Wenn der Beklagte einen Verfahrensfehler iSd § 144 Abs. 2 Nr. 3 Sozialgerichtsgesetz (SGG) mit der Begründung rügt, das Vordergericht habe einen Klageanspruch (Rundung der Kosten der Unterkunft und Heizung – KdU/KdH – für Juli 2009 nach § 41 Abs. 2 des Sozialgesetzbuches Zweites Buch – SGB II – in der bis zum 31. Dezember 2010 geltenden Fassung) verfahrensfehlerhaft übergangen, fehlt ihm bereits das allgemeine Rechtschutzbedürfnis und damit eine Zulässigkeitsvoraussetzung der Nichtzulassungsbeschwerde, weil dies ihn nicht in seinen Rechten verletzt. Aber selbst wenn dieses zu bejahen gewesen wäre, übersieht er, dass die rechtskundig vertretende Klägerin auch nur einen Prozessantrag gestellt hatte, "für den Zeitraum Februar bis Juni 2009 einen weiteren Betrag von 2,40 Euro zu gewähren." Das Sozialgericht hat insoweit über den von der Klägerin erhoben Anspruch iSd § 123 SGG entschieden; es darf im Übrigen auch nicht mehr zusprechen als gewollt ist und nichts anderes (wohl aber weniger); vgl.
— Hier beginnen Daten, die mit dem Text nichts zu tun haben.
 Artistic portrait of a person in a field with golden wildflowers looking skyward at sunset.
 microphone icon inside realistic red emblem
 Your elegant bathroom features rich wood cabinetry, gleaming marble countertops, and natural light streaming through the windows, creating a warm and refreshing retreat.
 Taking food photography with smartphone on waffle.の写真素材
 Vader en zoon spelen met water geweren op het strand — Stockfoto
Keller, in Meyer-Ladewig u. a., SGG, 9. Auflage, 2008, zu § 123 Rdnr. 4. Ein Verfahrensfehler ist hierin nicht zu erblicken, wenn sich das Vordergericht gerade an die Verfahrensordnung gehalten hat.
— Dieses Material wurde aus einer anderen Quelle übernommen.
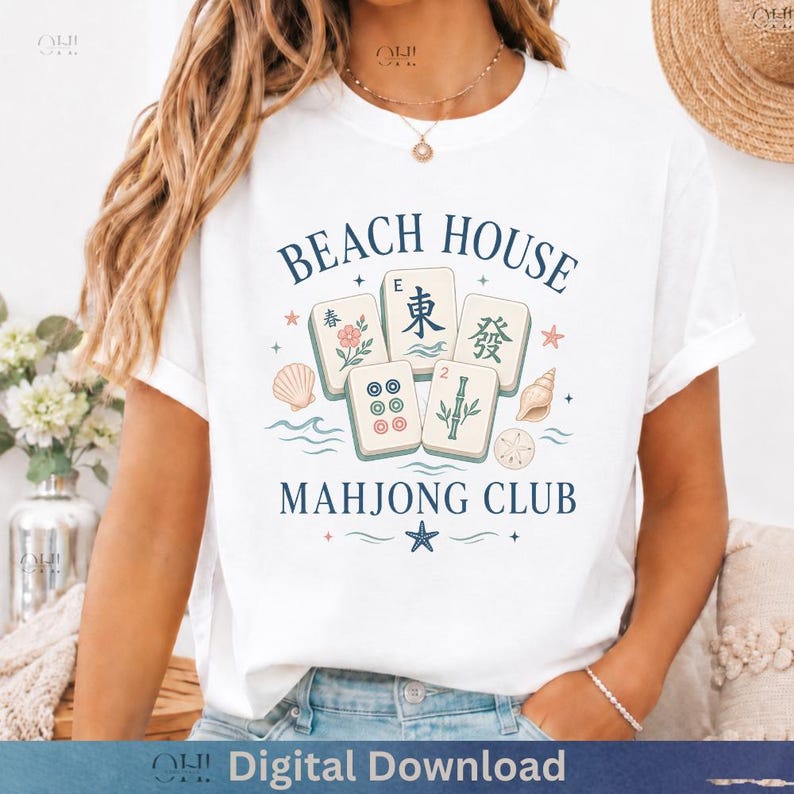 May include: White t-shirt with a "Beach House Mahjong Club" design. The graphic features mahjong tiles, seashells, and the text "Beach House Mahjong Club" in navy blue. The shirt has short sleeves.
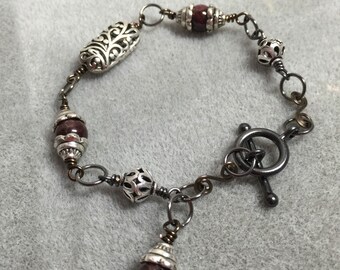 Wire wrapped Garnet bracet with silver tone beads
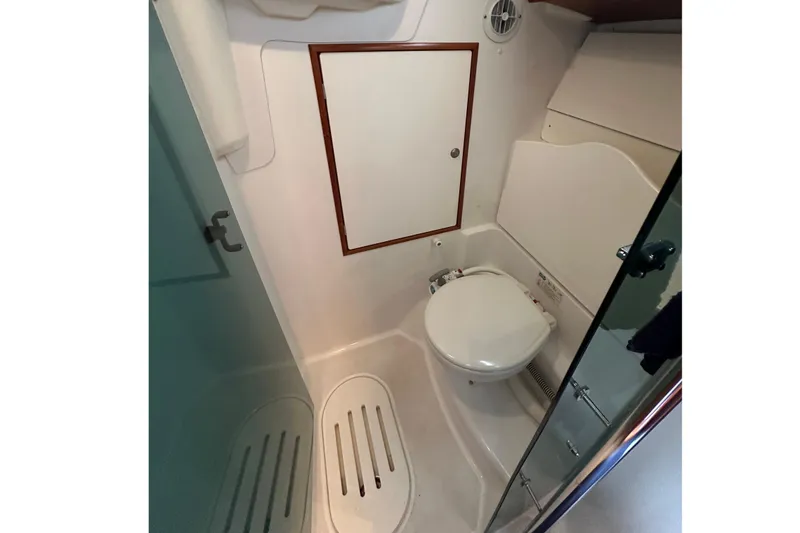 Slide: The Image of Compact bathroom in 2004 Jeanneau Sun Odyssey 35 sailboat, featuring a toilet and shower area. - 16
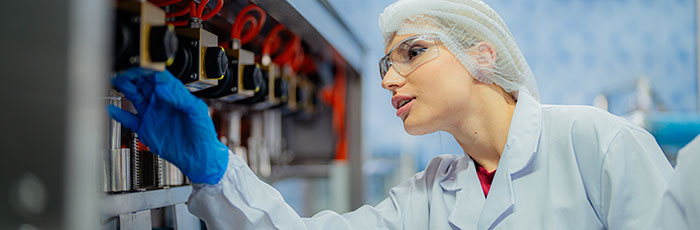 Factory worker performing factory audit with electronic tablet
Die nach § 145 Abs. 1 SGG ansonsten zulässige Beschwerde hat in der Sache keinen Erfolg.

Die Beschwerde gegen die Nichtzulassung bleibt erfolglos, weil keiner der in § 144 Abs. 2 Nrn. 1 und 2 SGG genannten weiteren Zulassungsgründe vorliegt.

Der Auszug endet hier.